Flux jumps and vortex pinning in Ba$_{0.65}$Na$_{0.35}$Fe$_2$As$_2$ single crystals

TL;DR

This study investigates flux jumps and vortex pinning in Ba$_{0.65}$Na$_{0.35}$Fe$_2$As$_2$ single crystals, revealing high critical current densities and complex flux dynamics influenced by pinning mechanisms and creep phenomena.

Contribution

It provides detailed experimental analysis of vortex behavior, flux jumps, and pinning mechanisms in this superconductor, highlighting the role of microscopic defects and creep effects.

Findings

High critical current density (~10^6 A/cm^2) due to collective pinning.

Flux jumps depend on temperature and field sweep rate, with flux creep enhancing stability.

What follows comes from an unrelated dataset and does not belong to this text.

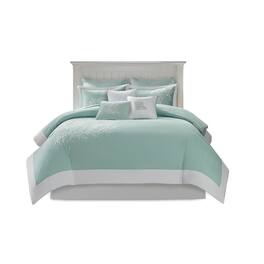 Gracie Mills - Douglass Coastal Coral Reef Duvet Cover Set - Aqua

Second peak in magnetization linked to crossover in creep dynamics.

Abstract

In this work we present the results of the bulk magnetization measurements in a superconducting state of single crystals of Ba$_{0.65}$Na$_{0.35}$Fe$_2$As$_2$. The isothermal magnetic field ($H||c$ axis) dependent magnetization ($M$) loops exhibit a second peak (SP) or `fishtail effect', as well as remarkable flux jumps at low temperatures. The critical current density $J_c$ obtained from the $M(H)$ loops is rather high, of the order of 10$^6$ A/cm$^2$. The analysis of the temperature and field dependent $J_c$ implies that high $J_c$ is mainly due to collective (weak) pinning of vortices by dense microscopic point defects with some contribution from a strong pinning mechanism. Pronounced magnetic instabilities in terms of flux jumps depend strongly on temperature as well on the field sweep rate. The field for first flux jump as calculated from an adiabatic model, however, is much lower than the experimentally observed values, and this enhanced stability is attributed to a flux creep phenomenon. The analysis of field dependent magnetic relaxation data additionally supports a collective pinning model. The data further suggests that SP in M(H) is likely related to crossover in creep dynamics from elastic to plastic mechanism. We have constructed the vortex phase diagram on field-temperature plane.